**Aim of the exercise**: Print the entries exactly; no image belongs in the copy.

——

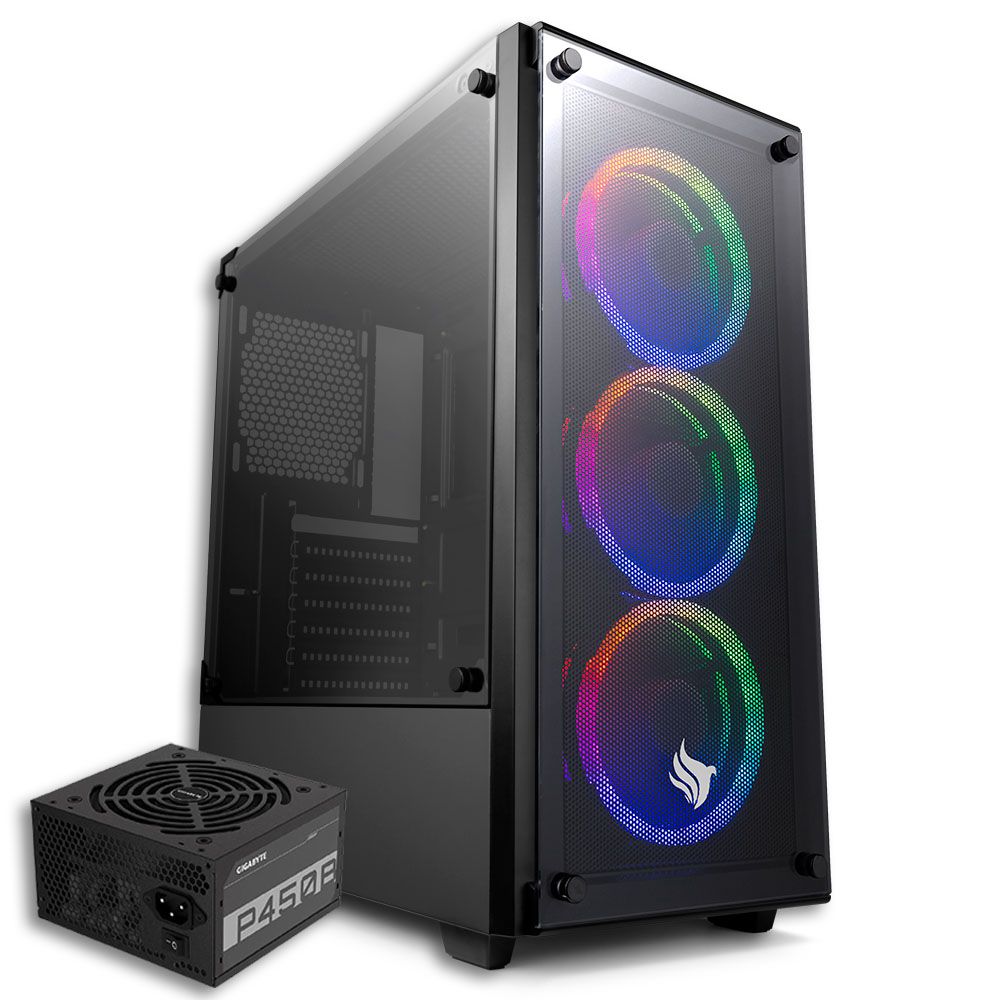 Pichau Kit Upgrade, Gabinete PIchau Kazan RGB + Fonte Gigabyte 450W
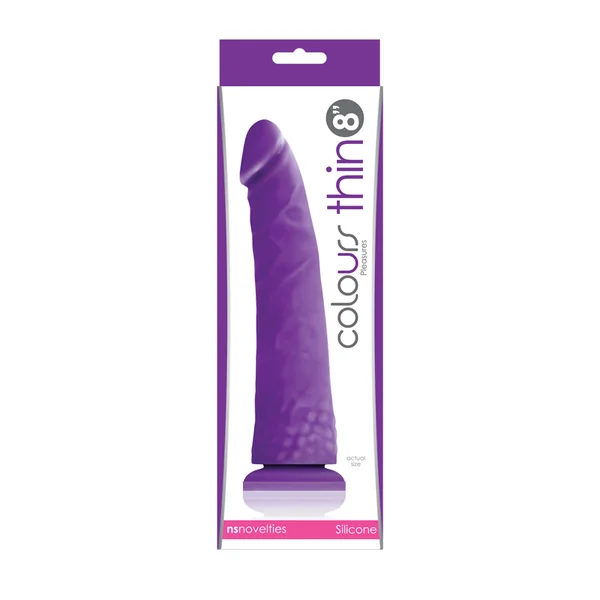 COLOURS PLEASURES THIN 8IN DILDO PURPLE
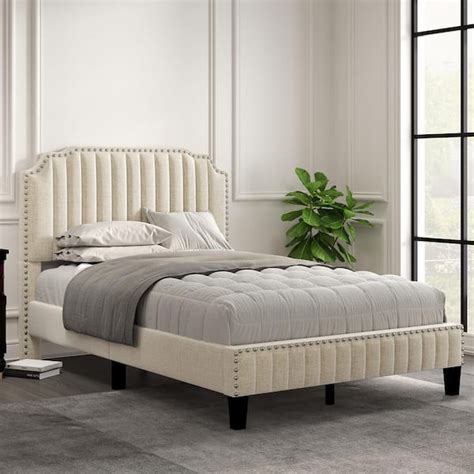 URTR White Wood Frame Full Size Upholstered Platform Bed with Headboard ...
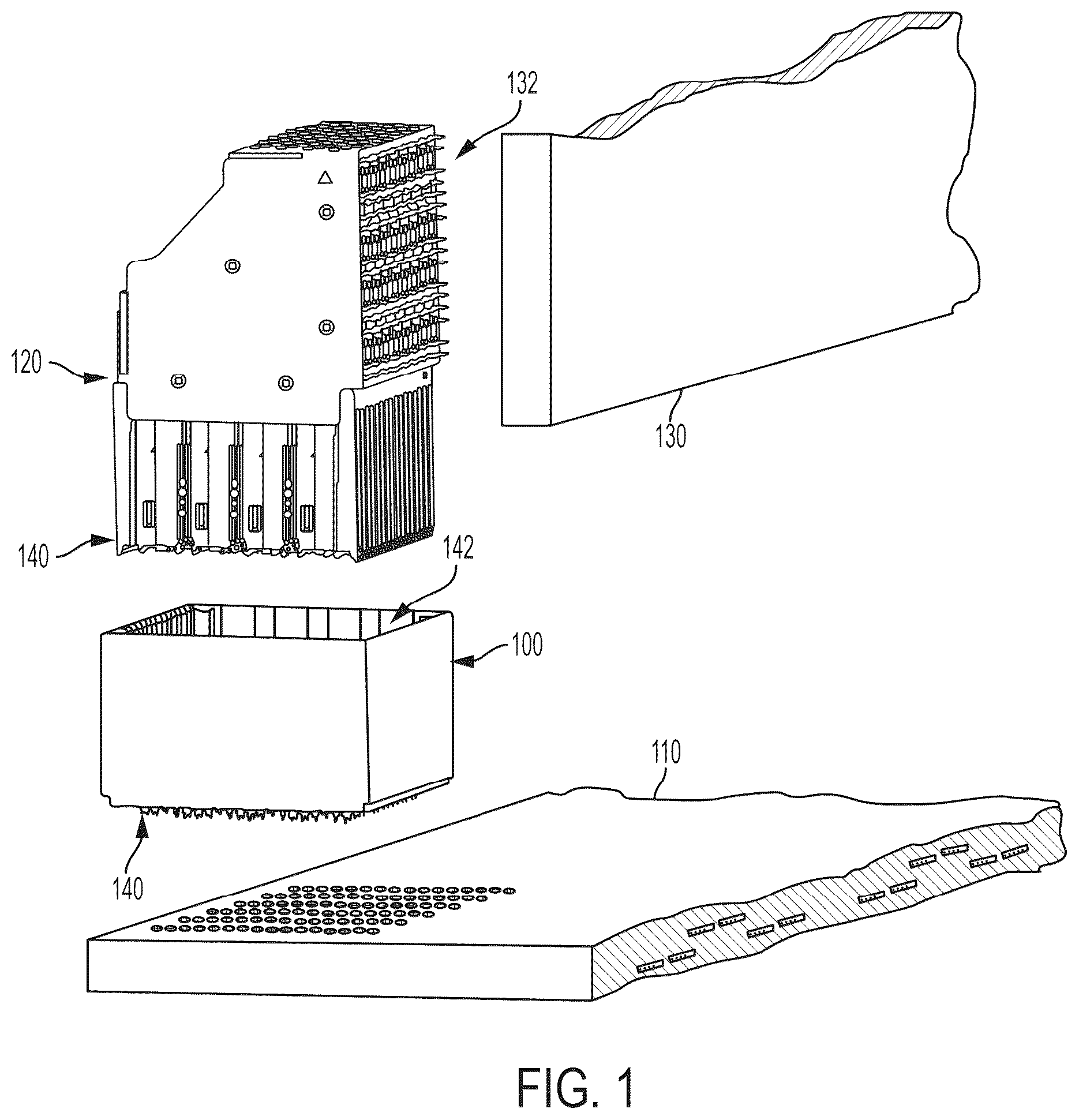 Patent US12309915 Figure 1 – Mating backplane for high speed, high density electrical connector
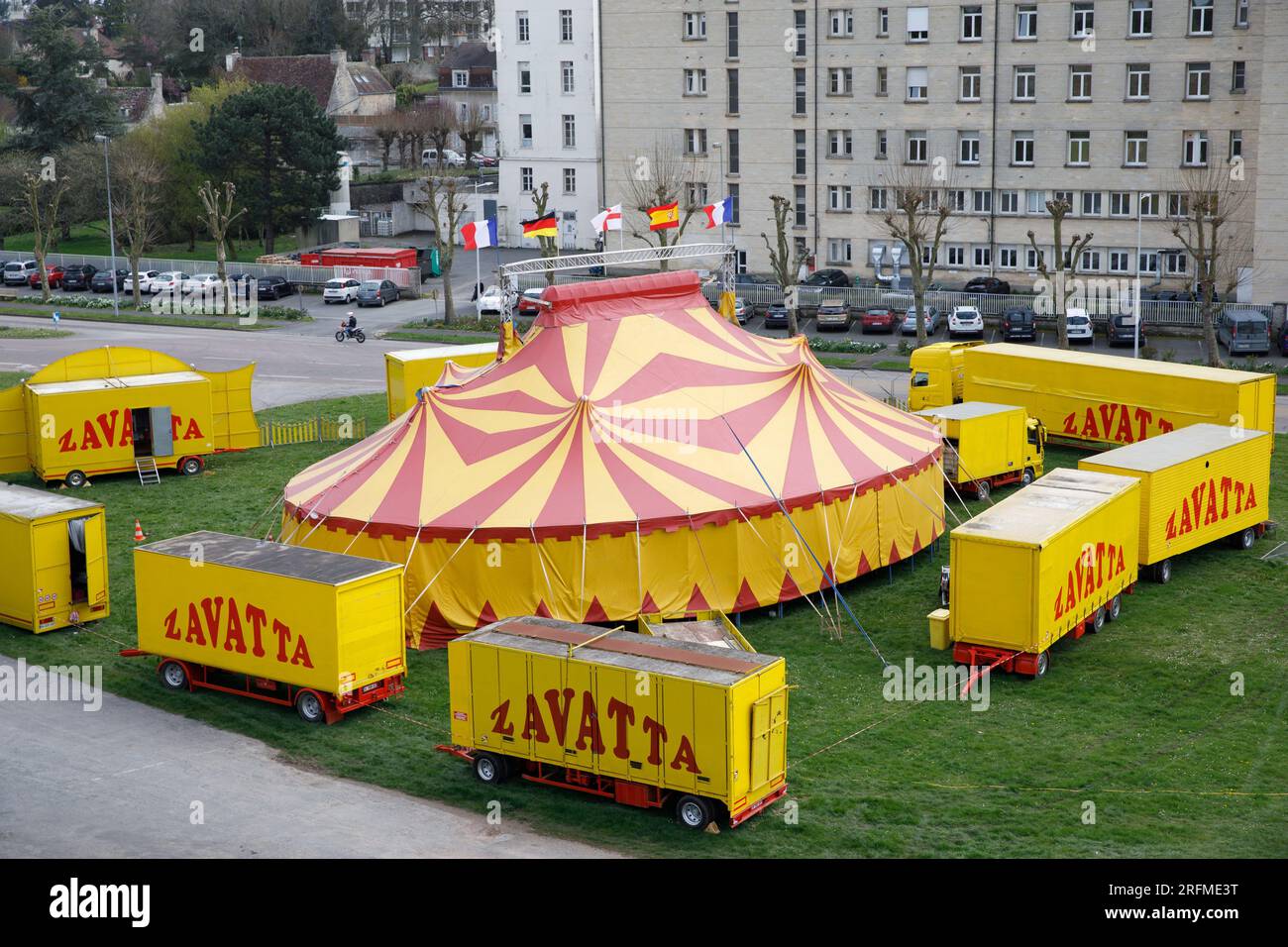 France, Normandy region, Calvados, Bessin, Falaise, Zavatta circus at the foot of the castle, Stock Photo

——

**Solution to this task**:
 Pichau Kit Upgrade, Gabinete PIchau Kazan RGB + Fonte Gigabyte 450W
 COLOURS PLEASURES THIN 8IN DILDO PURPLE
 URTR White Wood Frame Full Size Upholstered Platform Bed with Headboard ...
 Patent US12309915 Figure 1 – Mating backplane for high speed, high density electrical connector
 France, Normandy region, Calvados, Bessin, Falaise, Zavatta circus at the foot of the castle, Stock Photo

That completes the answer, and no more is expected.